TASK BRIEF → Output every entry below exactly, without its pictures.

[Stored data entries]
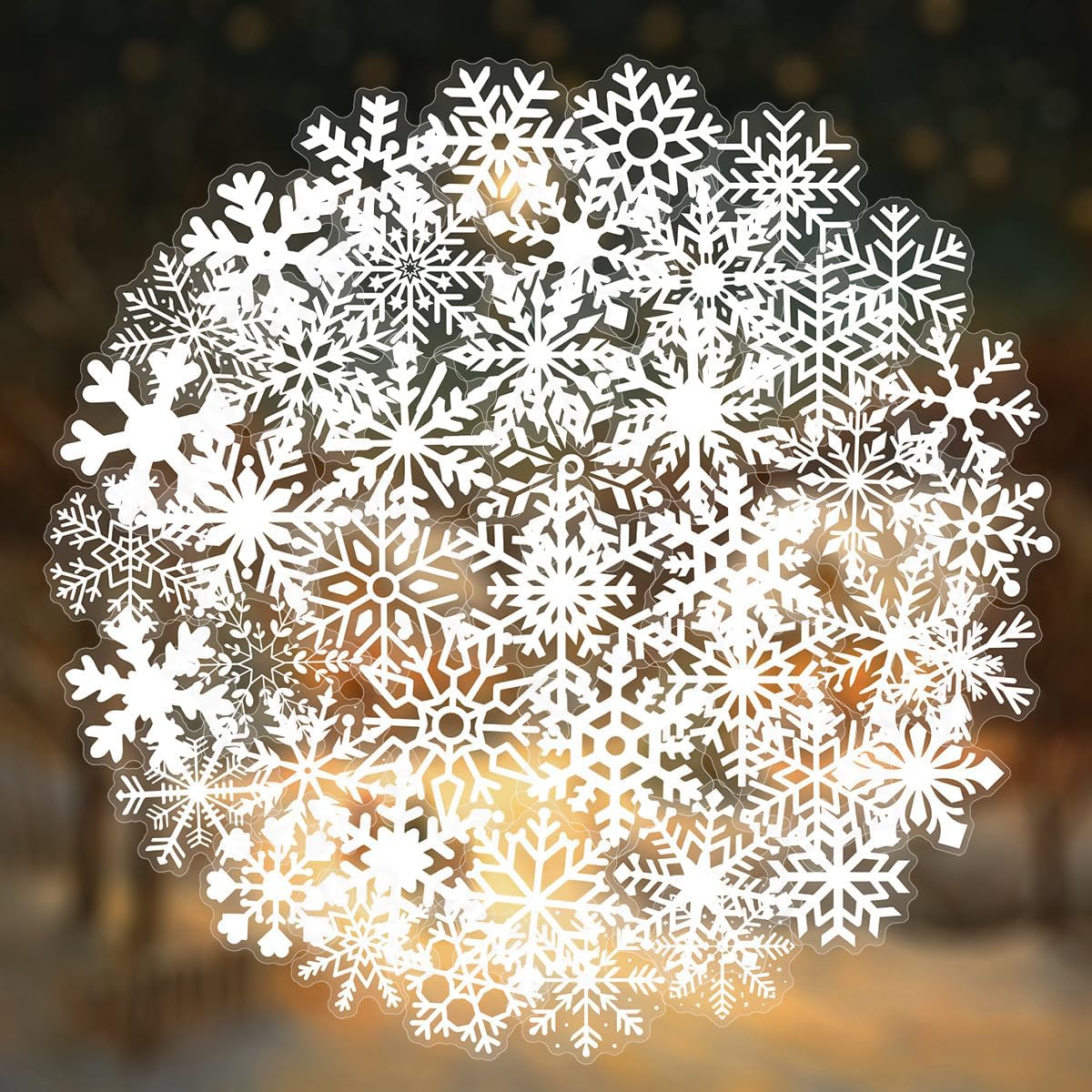 50 PCS Snowflake Stickers for Scrapbooking Journaling Junk Journal Scrapbook Supplies – Waterproof Transparent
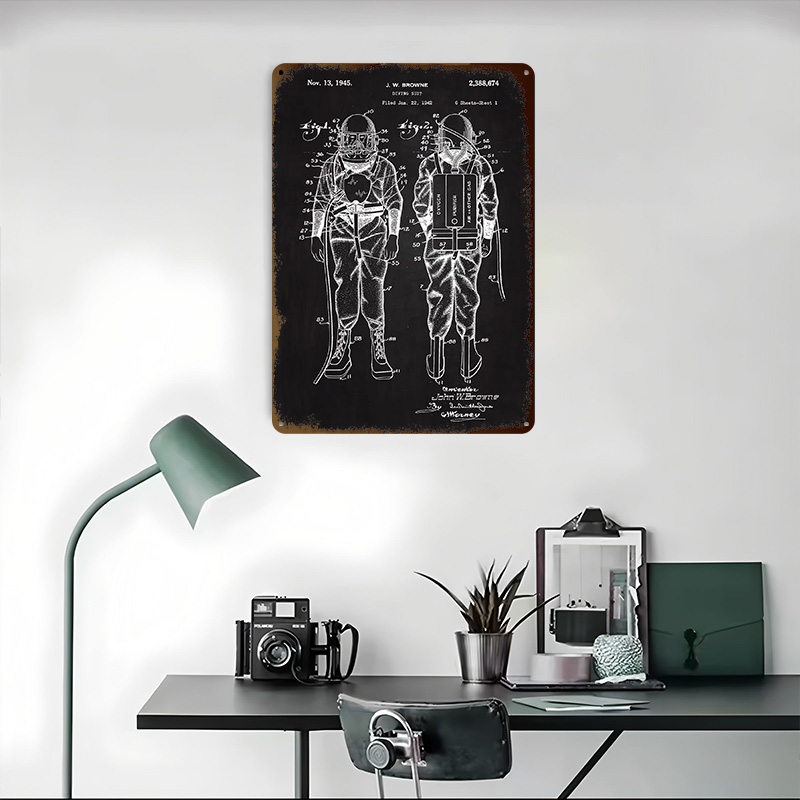 Póster Metálico con Patente de - Retro Gaming At Home reseña y precio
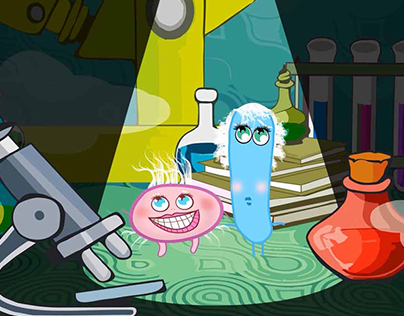 Cartoon "Microbes"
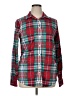 Lands' End 100% Cotton Plaid Red Long Sleeve Button-Down Shirt Size 14 (tall) - photo 1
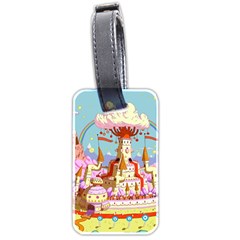 Adventure Time Multi Colored Celebration Nature Luggage Tag (two Sides)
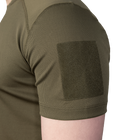 Футболка чоловіча тактична польова повсякденна футболка для спецсужб (S) Олива TR_7102 (S) - зображення 5
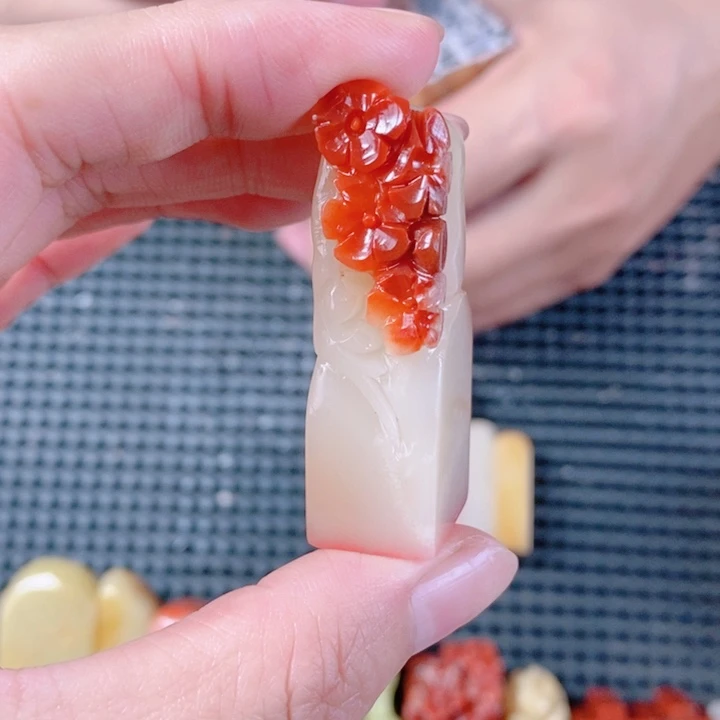 探***1寿山石现场现场直播手工制作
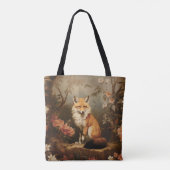 Vos in het bos humeurig Victoriaans Tote Bag (Achterkant)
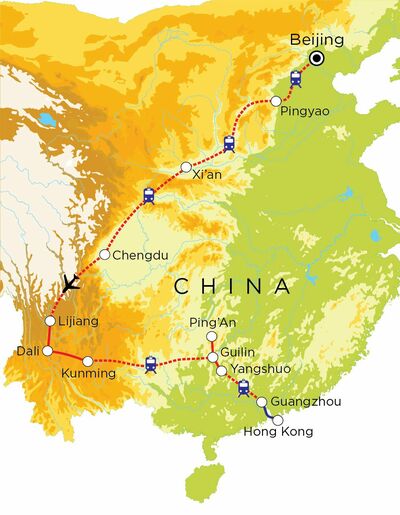 Routekaart China, 23 dagen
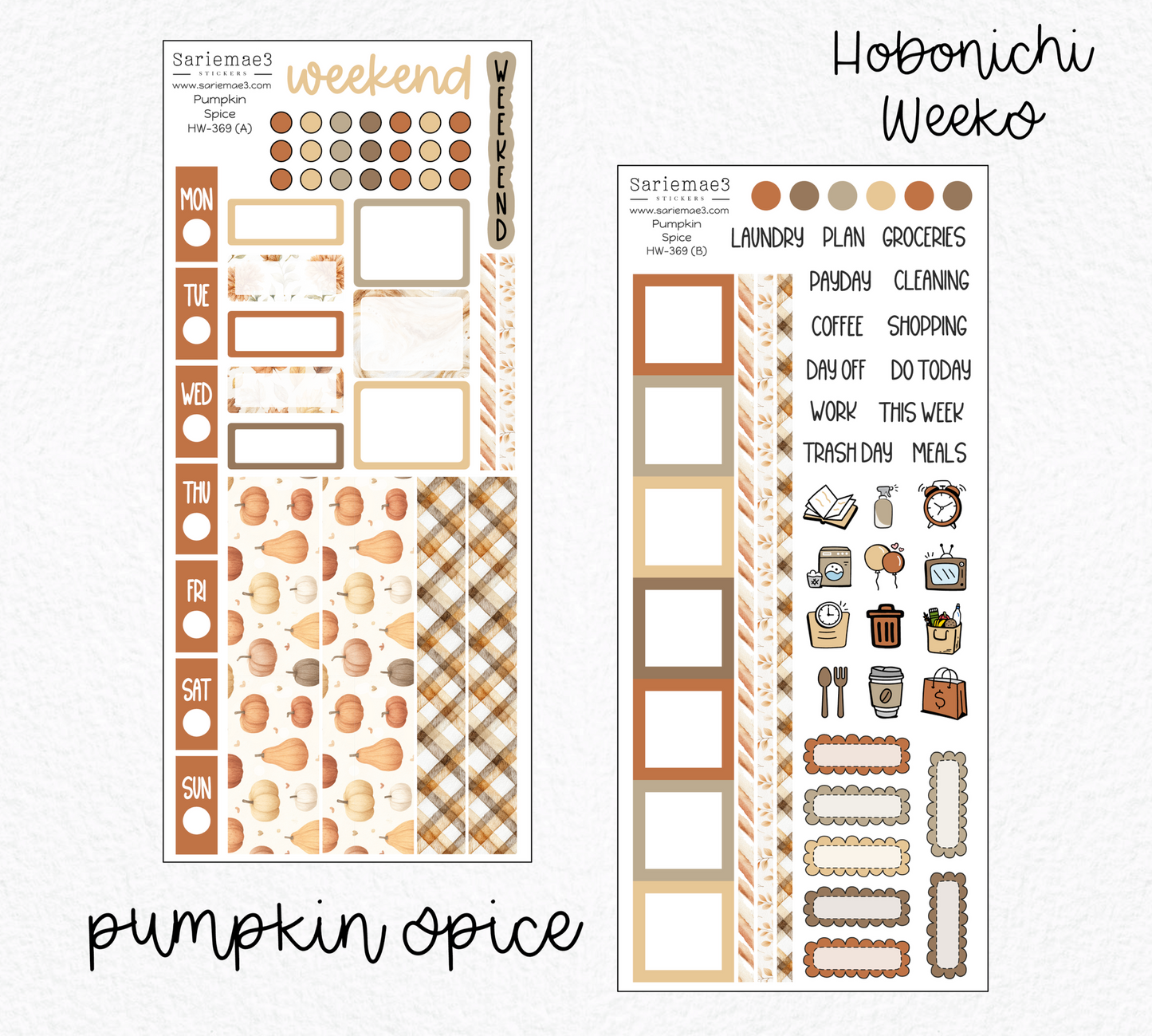 Hobonichi Weeks Kit, Pumpkin Spice, HW-369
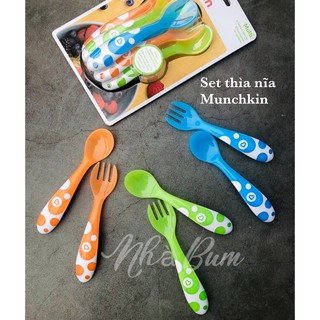 Set thìa nĩa Munchkin nhiều màu - Thìa nĩa ăn dặm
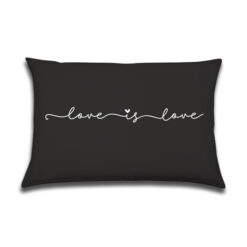 Juuls Buitenkussen Love is love zwart-wit 60x40cm 003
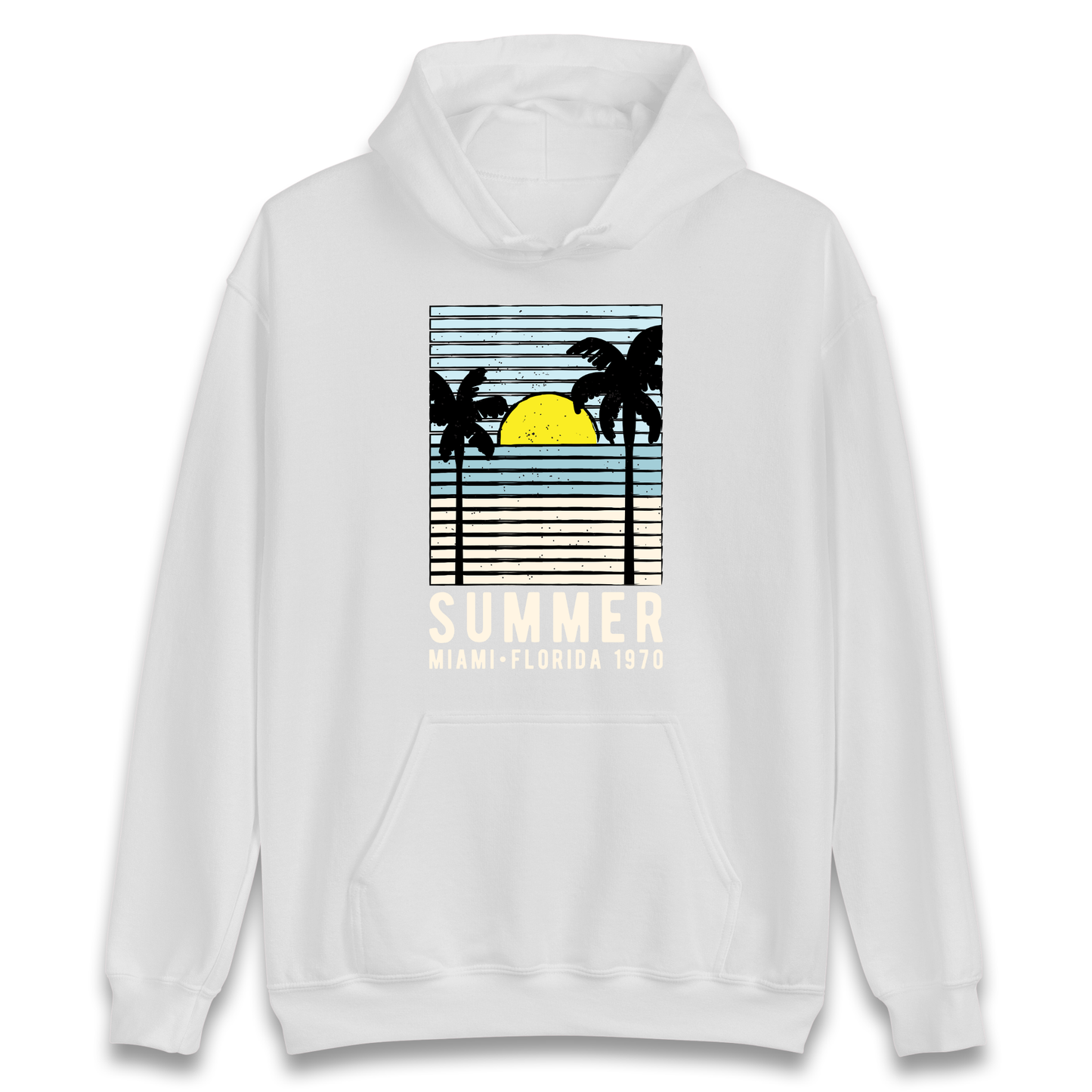 Summer Miami Florida 1970 Hoodie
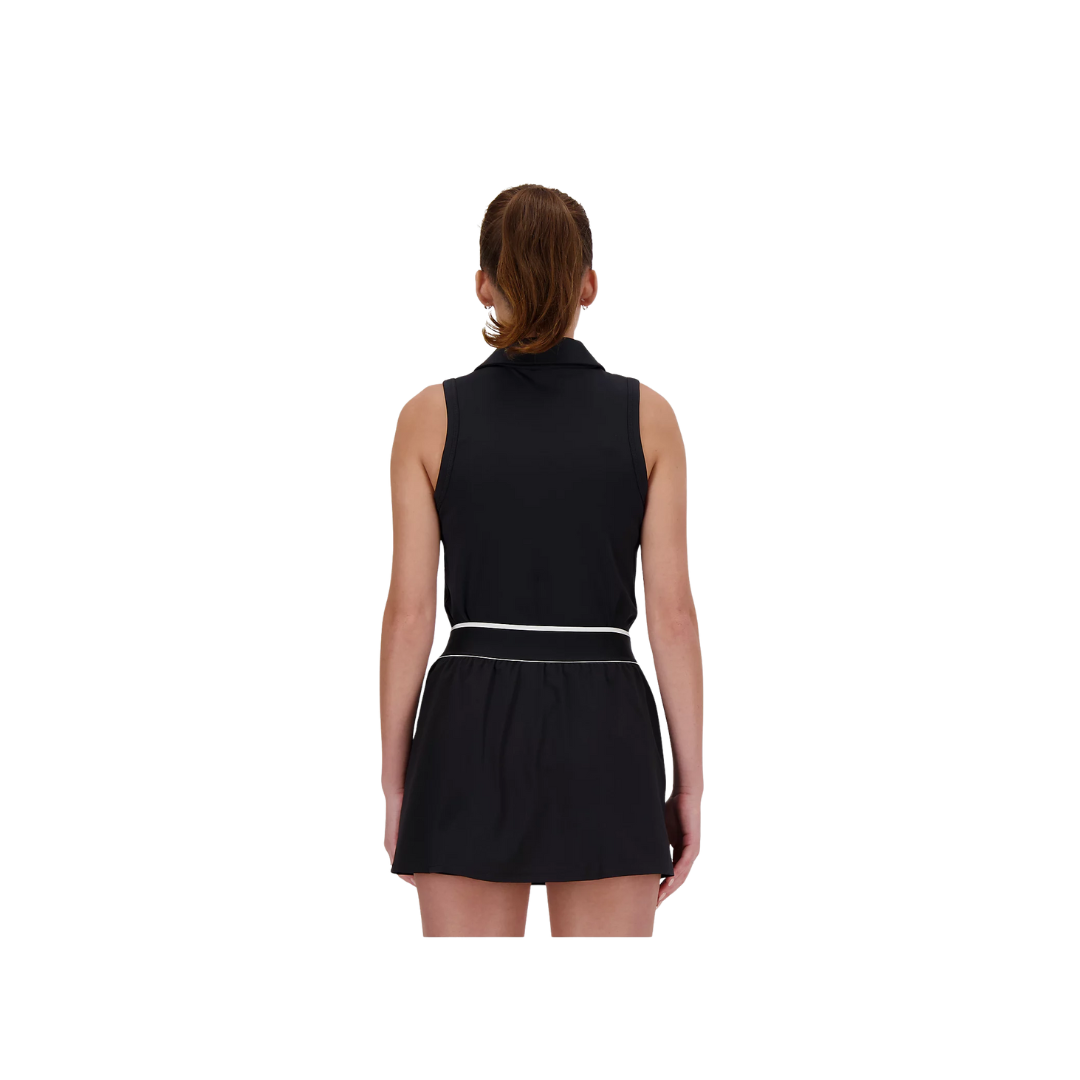 Image of New Balance Women Collared Tournament Tank (Black)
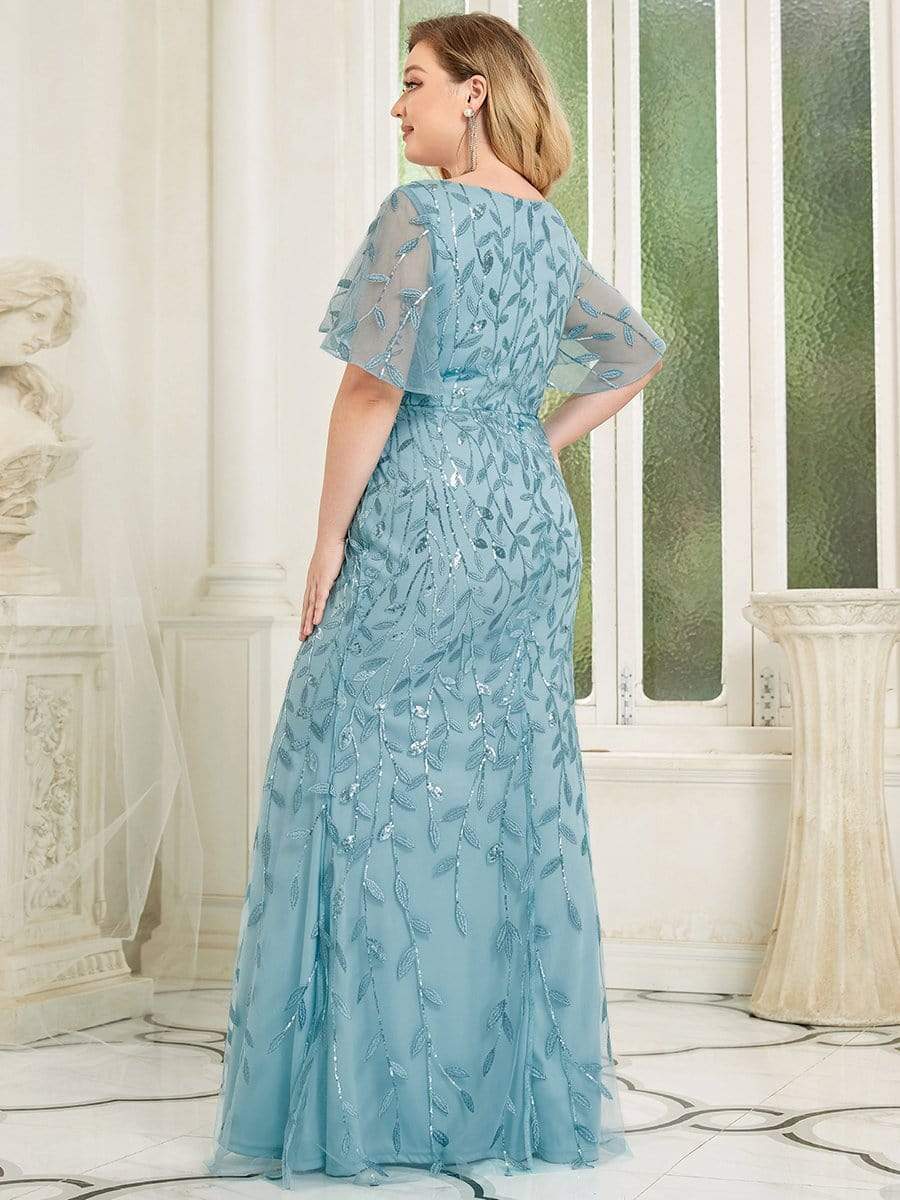 Long Mermaid Style Plus Size Formal Dress for Special Occasions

ANSWER →
 50 PCS Snowflake Stickers for Scrapbooking Journaling Junk Journal Scrapbook Supplies – Waterproof Transparent
 Póster Metálico con Patente de - Retro Gaming At Home reseña y precio
 Cartoon "Microbes"
 Lands' End 100% Cotton Plaid Red Long Sleeve Button-Down Shirt Size 14 (tall) - photo 1
 Adventure Time Multi Colored Celebration Nature Luggage Tag (two Sides)
 Футболка чоловіча тактична польова повсякденна футболка для спецсужб (S) Олива TR_7102 (S) - зображення 5
 探***1寿山石现场现场直播手工制作
 Vos in het bos humeurig Victoriaans Tote Bag (Achterkant)
 Routekaart China, 23 dagen
 Hobonichi Weeks Kit, Pumpkin Spice, HW-369
 Set thìa nĩa Munchkin nhiều màu - Thìa nĩa ăn dặm
 Juuls Buitenkussen Love is love zwart-wit 60x40cm 003
 Summer Miami Florida 1970 Hoodie
 Image of New Balance Women Collared Tournament Tank (Black)
 Long Mermaid Style Plus Size Formal Dress for Special Occasions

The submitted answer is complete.